That November morning, the church filled not only with prayer, but with a shared breath — a space of gratitude for all who had supported the creation of the Electronic Catalogue of the Ukrainian Diaspora Postcard.
 This silence was not emptiness. It was testimony. In it, one could feel past and present meeting, generations of quiet laborers standing beside those who live and work today. It felt as if history itself stood near, listening closely to how we continue its story.

 

An Exhibition Born of Love — and of profound inner work

After the service, the community walked to the Ukrainian Selfreliance building, where an exhibition opened — not simply a display, but an encounter with the world of Jacques Hnizdovsky, restored and brought into order through the immense efforts of Ihor Pavlyshyn.
 A postcard is a small, delicate thing. Easy to overlook. Yet it can hold what larger formats often fail to preserve: warmth, intention, a moment someone chose to remember.

On display were: the earliest postcards from the legendary Surma store, invitations to exhibitions across the United States and Europe, Hnizdovsky’s original letters, book covers, ex libris prints, icons, sketches, trials, notes — fragments of his creative laboratory.

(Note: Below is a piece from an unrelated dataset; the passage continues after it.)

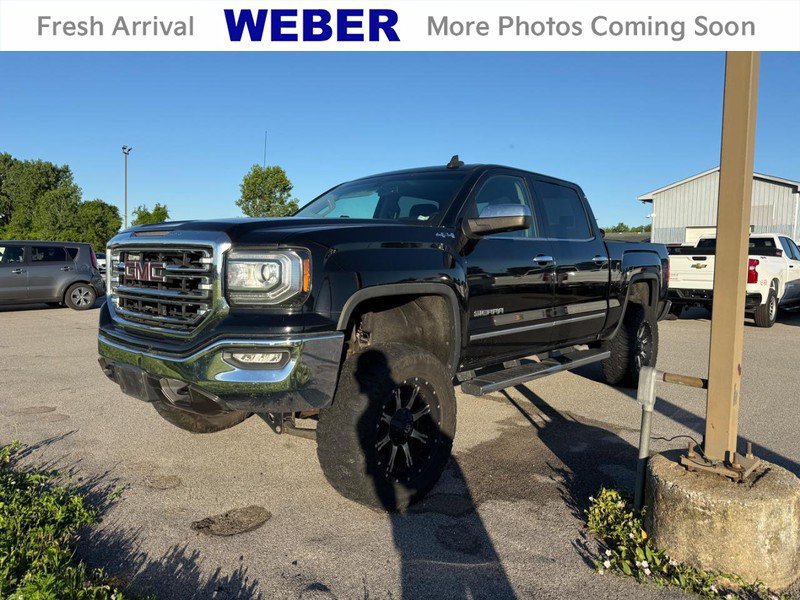 Used 2017 GMC Sierra 1500 SLT w/ SLT Premium Package AWD/4WD video 1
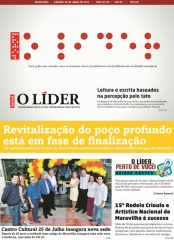 Jornal O Líder Edição 273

These artifacts survived continents, migrations, and changing times. They speak again because they were gathered by someone who knows how to listen to the silence of history.

 

Ihor Pavlyshyn: the one who turns memory into a life’s mission

Ihor Pavlyshyn demonstrates how one person can alter the fate of a cultural legacy. His years of work on the electronic catalogue were not about numbers or dry archives. They formed a living world into which he entered for thousands of hours, retrieving fragments of the past that others might have passed by.

For him, every postcard is a witness. Every stamp — a journey.
 Every handwriting — a voice of someone who once lived and created.

His work is loyalty, responsibility, and the conviction that Ukrainian culture does not belong on the margins of world art — it deserves recognition, study, and presence!

 

The World of Hnizdovsky: a space of depth rather than mere form

The exhibition “The Universe of Jacques Hnizdovsky” became a journey through which every visitor discovered a personal dimension of the artist. The screening of Sheep in the Tree was especially revealing — showing not only the technique of woodcut, but the discipline and attentiveness that guide it.
 It was a chance to see thought becoming line, a hand listening to wood, silence becoming a partner in creation.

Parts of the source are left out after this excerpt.